(Data to process begins)
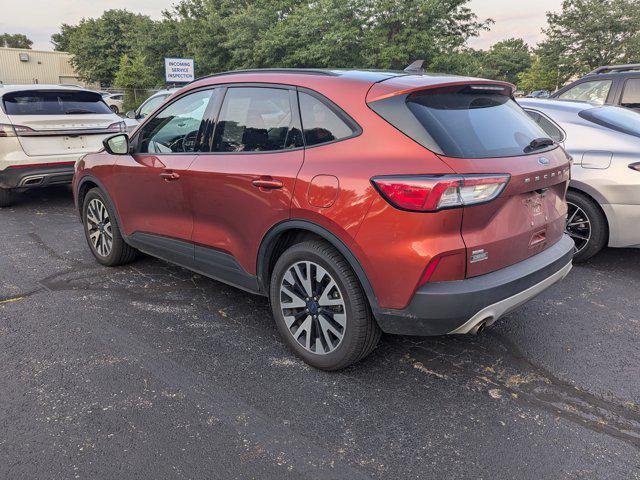 used 2020 Ford Escape car, priced at $17,599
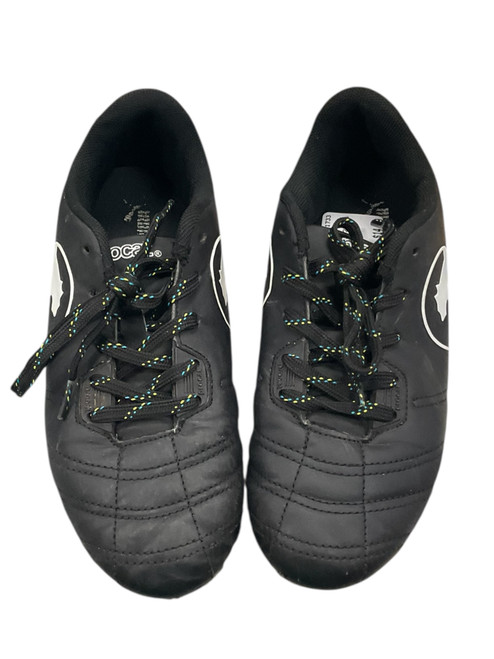 Vist Large View of Product Image Which is Used Puma Soccer Cleats Black Junior 04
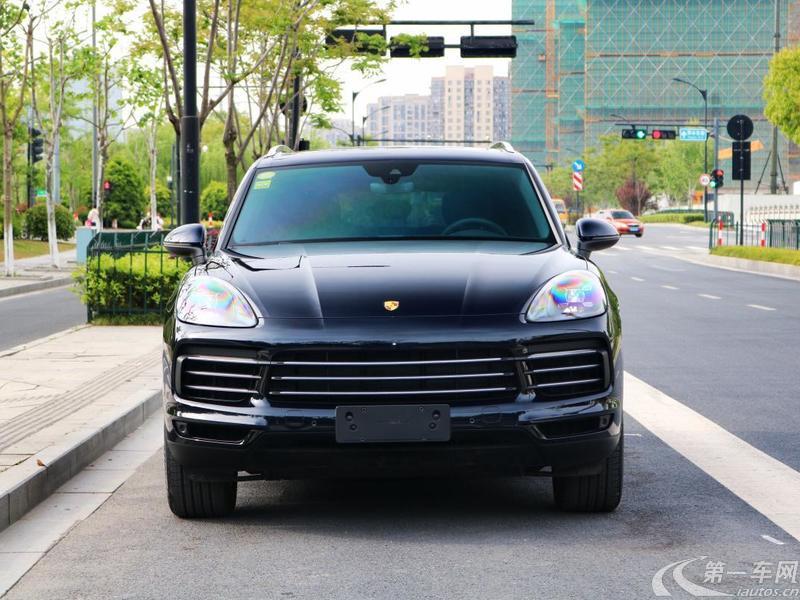 保时捷Cayenne [进口] 2019款 3.0T 自动 四驱 汽油 3.0T 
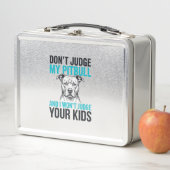 Pitbull Grappige Quote Vintage Gravure Hond Design (In situ)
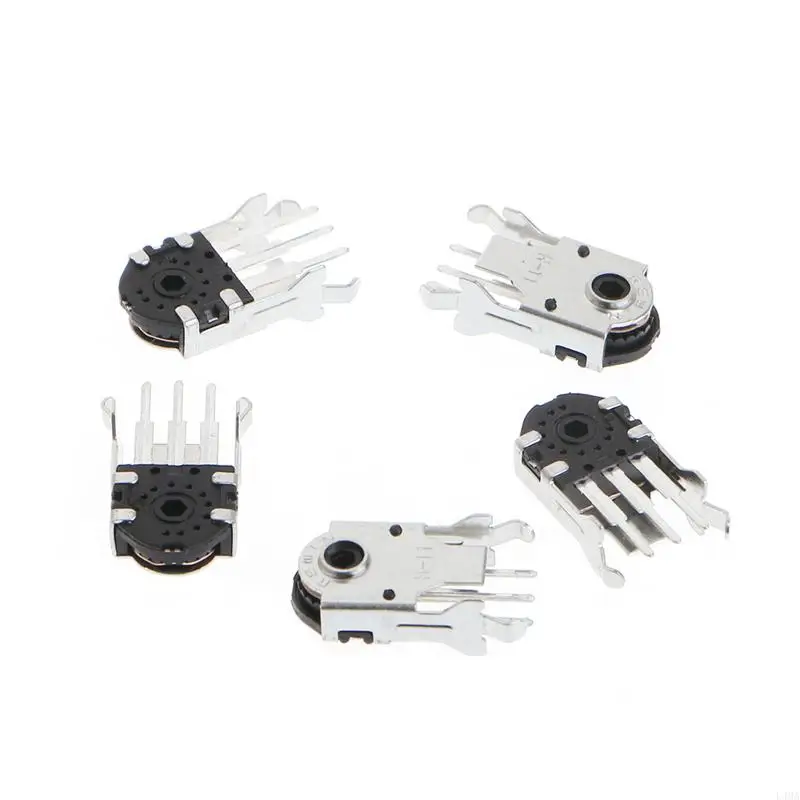 L4MA 5 PCS 11mm muiscoder scrollwiel reparatie -schakelaar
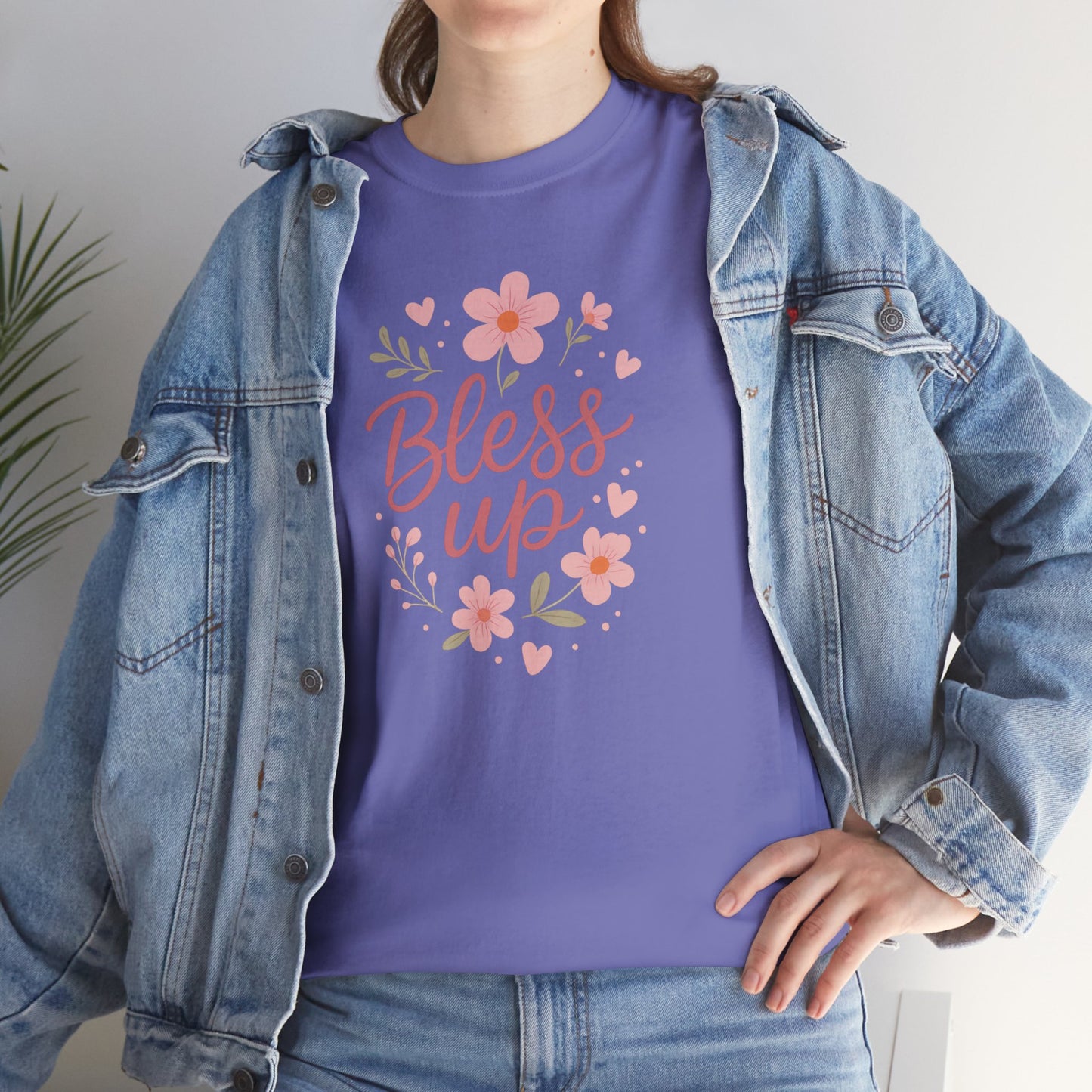 Bless Up Floral Tee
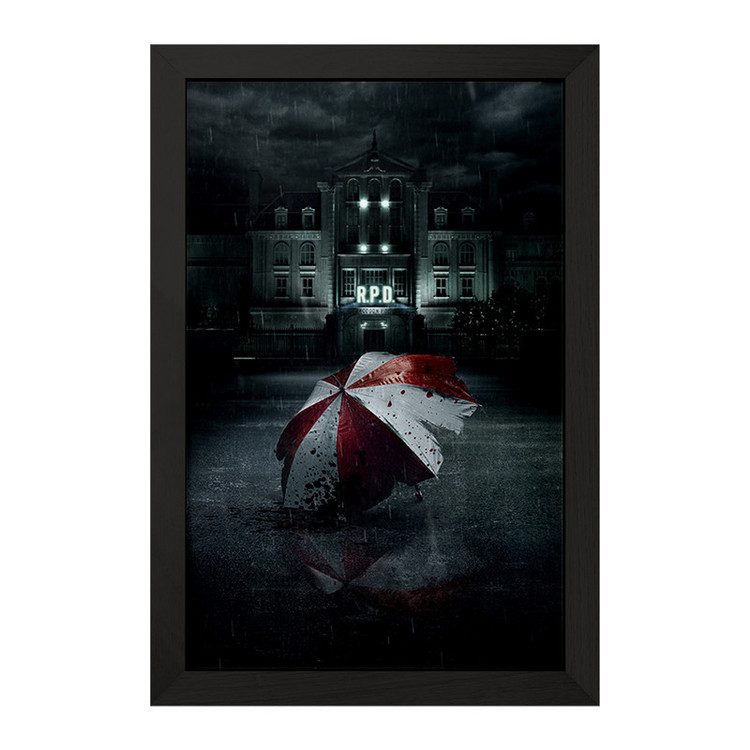 تابلو خندالو مدل بازی رزیدنت اویل Resident Evil کد 31654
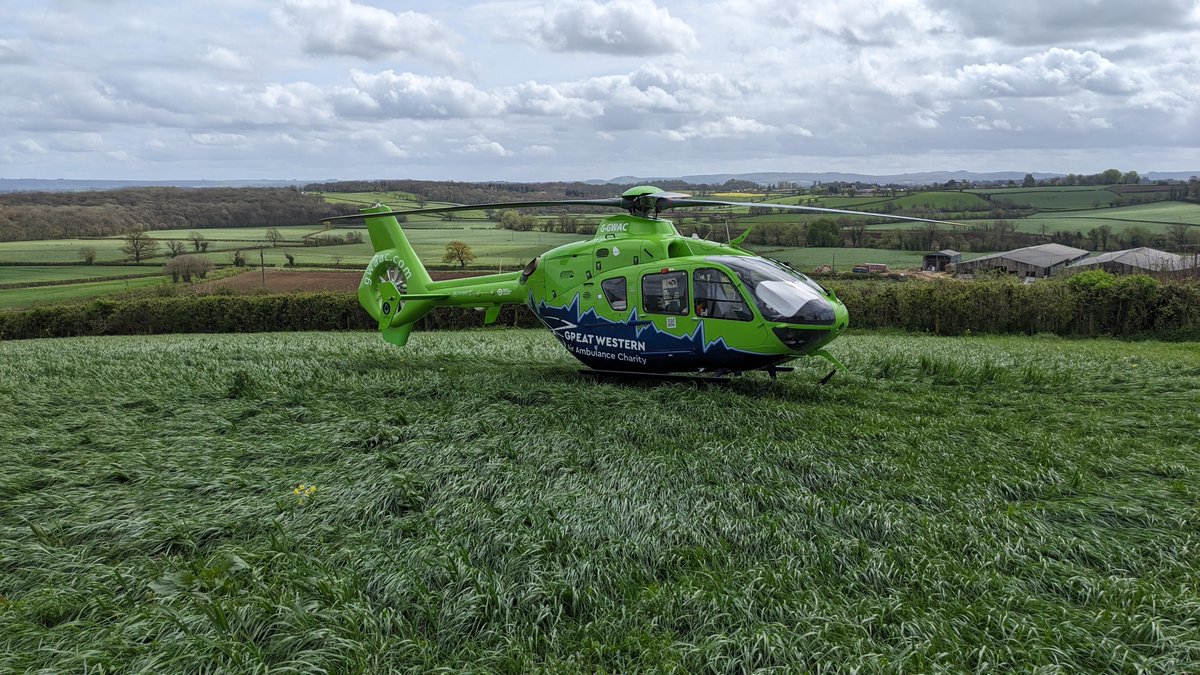 Great Western Air Ambulance Charity tweet media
(Data to process ends)
**Exercise instructions**
For each entry, repeat its text exactly and leave out any picture it holds.

**Answer box**
 used 2020 Ford Escape car, priced at $17,599
 Vist Large View of Product Image Which is Used Puma Soccer Cleats Black Junior 04
 保时捷Cayenne [进口] 2019款 3.0T 自动 四驱 汽油 3.0T 
 Pitbull Grappige Quote Vintage Gravure Hond Design (In situ)
 L4MA 5 PCS 11mm muiscoder scrollwiel reparatie -schakelaar
 Bless Up Floral Tee
 تابلو خندالو مدل بازی رزیدنت اویل Resident Evil کد 31654
 Great Western Air Ambulance Charity tweet media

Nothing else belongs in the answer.